Much can be found in the books respecting an infant deemed sui juris or non sui juris, and unfortunately many misleading expressions have been made concerning the obligation upon him in an action for negligence when he is found to be in one state or the other. In all actions to recover damages because of the negligence of another we must start with the propositions that a complainant cannot be the heedless instrument of his own injury and that freedom from contributory negligence is an element of his cause of action. His freedom from contributory negligence is evidenced by the fact as to whether under all the conditions surrounding the accident reasonable care was exercised to avoid it. It logically follows that a child who has attained some degree of development and intelligence is not relieved from exercising and proving that he exercised such care as could be reasonably expected from one of his years and intelligence and experience. The true rule in all actions for personal injuries based on negligence, therefore, is that an infant, whether sui juris or non sui juris, must exercise such reasonable care in avoiding the injury of which he complains, as can fairly be expected of a child of his age, natural capacity, intelligence, physical condition, training, experience, habits of life, and surroundings. All the later and better considered decisions so hold. Stone v. Dry Dock, etc., R. R. Co., 115 N.Y. 104, 21 N.E. 712:Costello v. Third Ave. R. R. Co., 161 N.Y. 324, 55 N.E. 897; Buscher v. N.Y. Transportation Co., 114 A.D. 85, 99 N.Y.Supp. 673; Atchason v. United Traction Co., 90 A.D. 571, 86 N.Y.Supp. 176.
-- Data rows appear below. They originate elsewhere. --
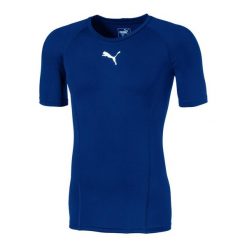 Męska Koszulka Z Krótkim Rękawem Liga Base Layer Top. Niebieskie koszulki sportowe męskie Puma, m, bez wzorów, bez kołnierzyka, bez ramiączek, trekkingowe. Za 178.99 zł.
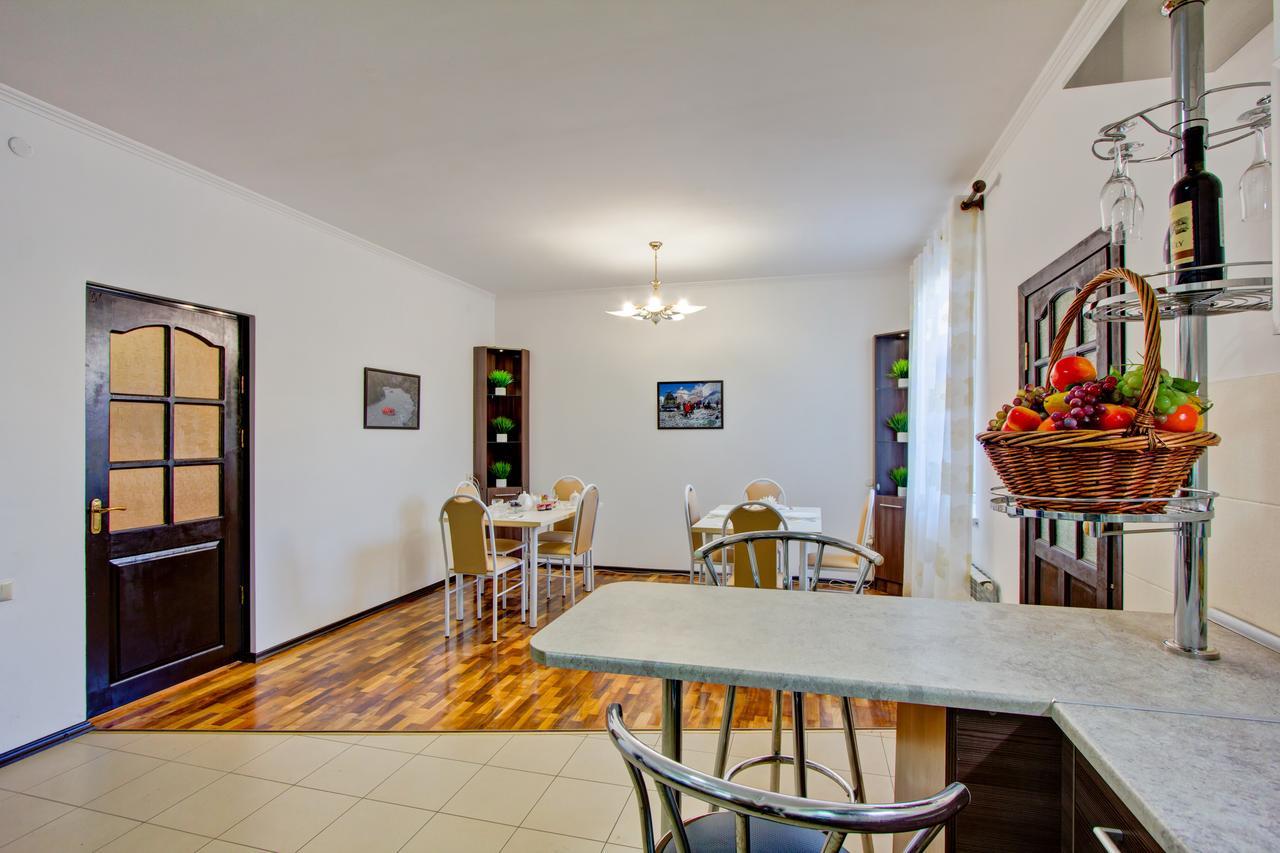 בישקק Centre Hostel מראה חיצוני תמונה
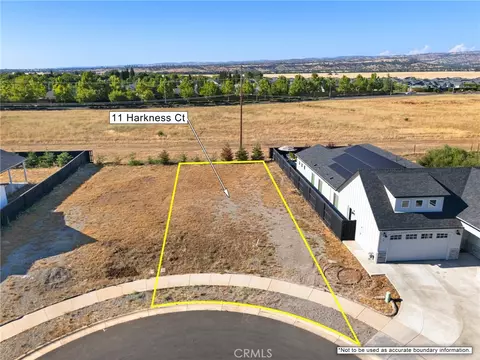 11 Harkness Ct, Chico, CA 95973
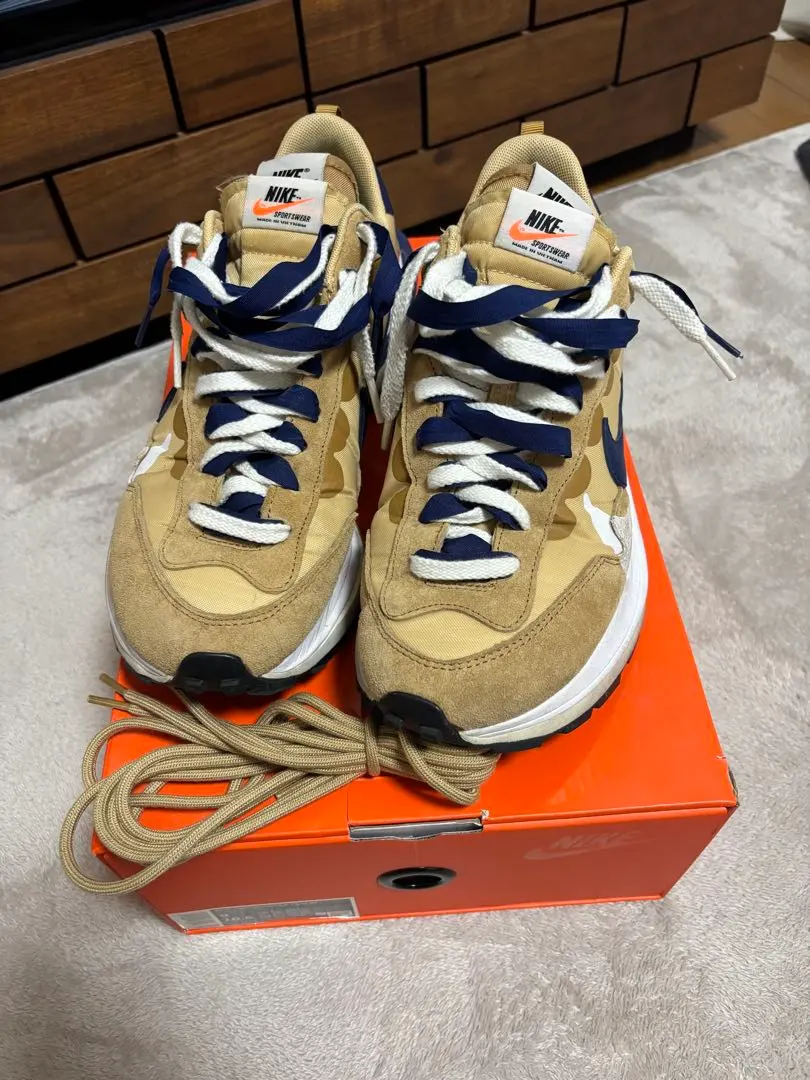 2026年最新】sacai nike vaporwaffle sesameの人気アイテム - メルカリ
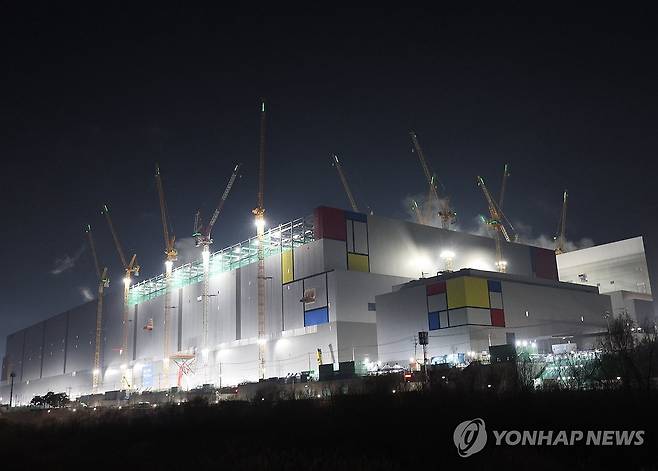 건설 중인 삼성전자 평택캠퍼스 P4 (평택=연합뉴스) 서명곤 기자 = 지난달 24일 저녁 경기도 평택시 삼성전자 평택캠퍼스 4공장(P4) 건설 현장에 설치된 조명이 밤하늘을 밝히고 있다.  2026.3.2 seephoto@yna.co.kr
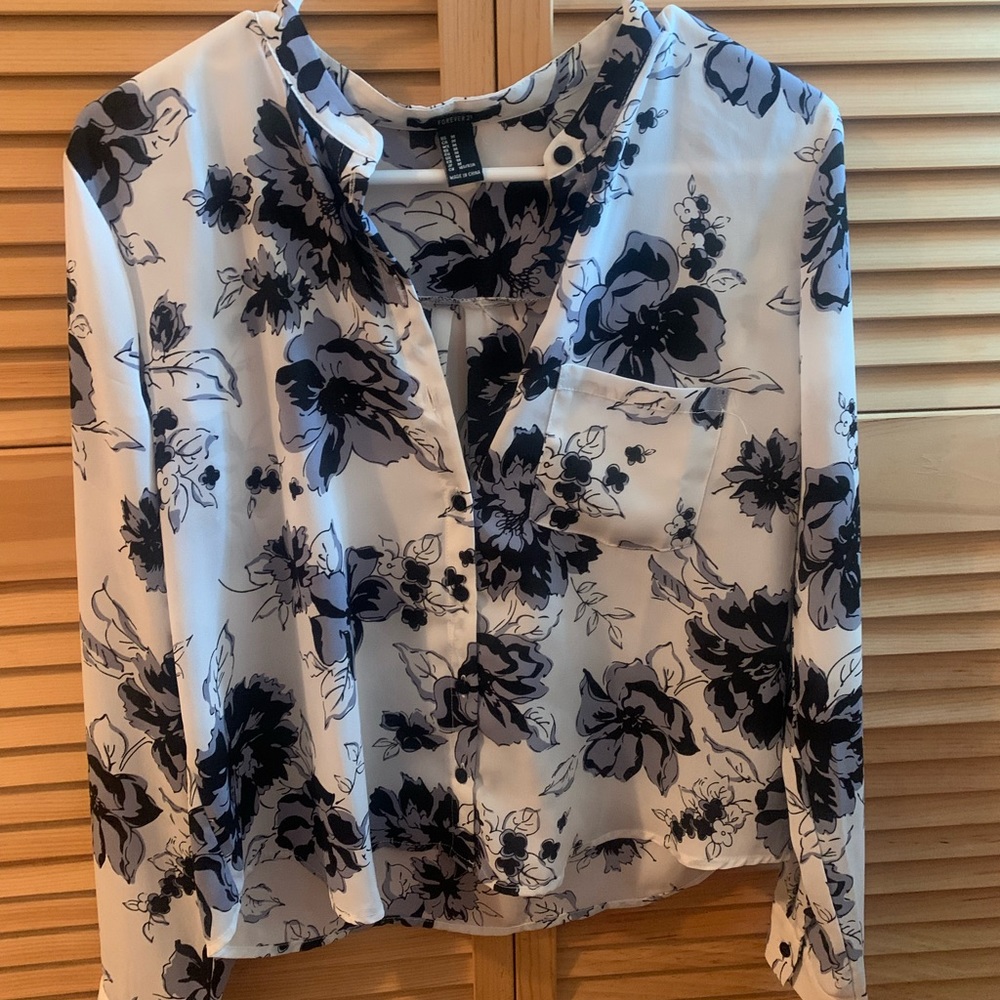 Forever21 Blue/White Floral Blouse - Medium Size
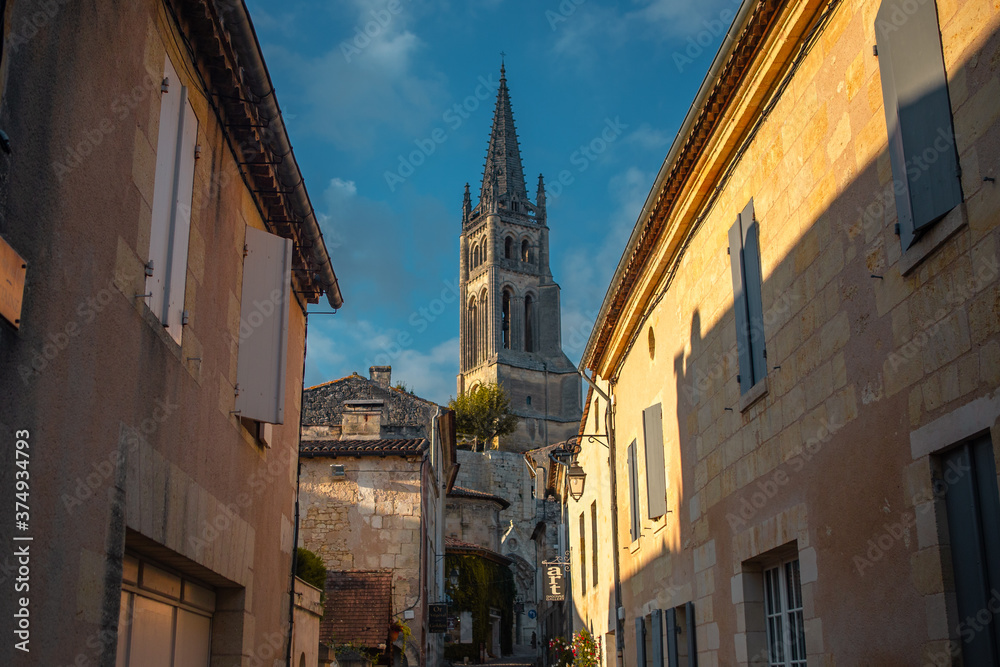 The street view of the old town in Saint Emilion, in Bordeaux.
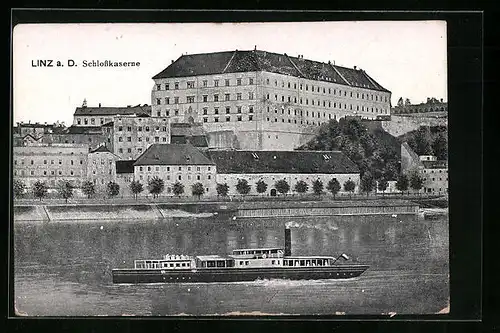 AK Linz /Donau, Schlosskaserne von der Donau aus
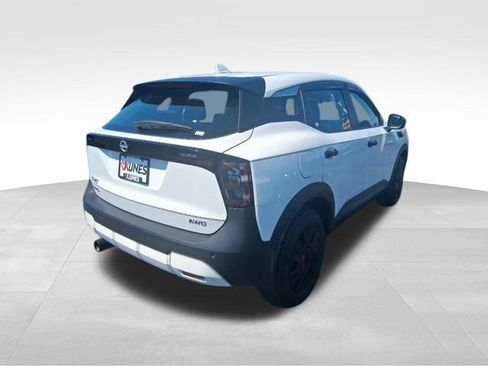 Used 2025 Nissan Kicks S AWD/4WD image 9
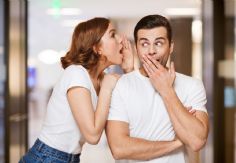 ¿Te encanta el chisme? Esto dice la ciencia sobre quienes no pueden guardarse nada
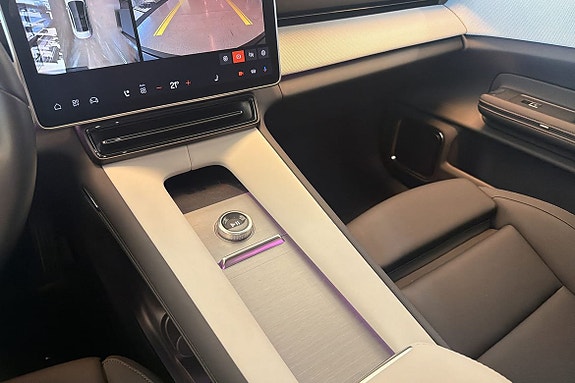 Polestar 4 27 of 29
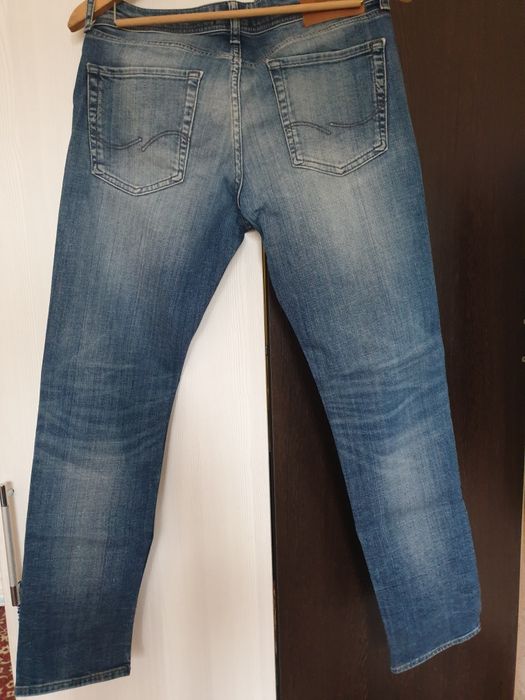 Джинсы мужские Jack & Jones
Cases arise where children are so young that they have no capacity to appreciate danger or to avoid it, and hence are non sui juris as matter of law, in which case the negligence of their parents or custodian is a matter of inquiry, and, if any exists, it is imputable to the infant. Other cases arise in which it may be a question of fact for a jury as to whether an infant is sui juris or non sui juris, and, even if found to be non sui juris, still such infant is bound to exercise such care in avoiding the injury of which he complains as he can reasonably be expected to exercise in view of his years and capacity and intelligence and experience. Very possibly this rule sweeps away much that has been written concerning the doctrine of sui juris and non sui juris, but no different rule can be the correct one in actions for personal injuries based on negligence.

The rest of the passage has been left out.